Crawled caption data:
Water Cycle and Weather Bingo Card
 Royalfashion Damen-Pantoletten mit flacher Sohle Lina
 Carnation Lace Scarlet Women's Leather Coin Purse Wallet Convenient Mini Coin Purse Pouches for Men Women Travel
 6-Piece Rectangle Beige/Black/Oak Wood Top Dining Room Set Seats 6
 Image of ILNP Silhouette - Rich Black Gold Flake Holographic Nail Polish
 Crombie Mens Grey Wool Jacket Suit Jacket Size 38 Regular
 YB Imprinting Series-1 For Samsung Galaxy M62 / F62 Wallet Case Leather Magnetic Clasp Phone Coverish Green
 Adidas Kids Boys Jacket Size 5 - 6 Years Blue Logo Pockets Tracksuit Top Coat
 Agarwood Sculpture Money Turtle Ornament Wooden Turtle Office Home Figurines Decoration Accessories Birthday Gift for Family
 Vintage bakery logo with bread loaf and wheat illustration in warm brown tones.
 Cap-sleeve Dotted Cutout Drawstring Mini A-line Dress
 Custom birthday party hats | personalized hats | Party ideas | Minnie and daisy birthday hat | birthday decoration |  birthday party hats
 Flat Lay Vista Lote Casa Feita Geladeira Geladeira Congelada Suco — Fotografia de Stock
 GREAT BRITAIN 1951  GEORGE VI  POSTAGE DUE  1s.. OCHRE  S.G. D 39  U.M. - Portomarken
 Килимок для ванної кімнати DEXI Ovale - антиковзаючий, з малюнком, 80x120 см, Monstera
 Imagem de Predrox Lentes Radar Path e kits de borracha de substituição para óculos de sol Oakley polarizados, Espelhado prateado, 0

WHAT TO DO
Reproduce, character for character, only the lines of the preceding data that start at the line with "Custom birthday party" and end at the line with "Flat Lay Vista", both included.

ANSWER TO THIS TASK
 Custom birthday party hats | personalized hats | Party ideas | Minnie and daisy birthday hat | birthday decoration |  birthday party hats
 Flat Lay Vista Lote Casa Feita Geladeira Geladeira Congelada Suco — Fotografia de Stock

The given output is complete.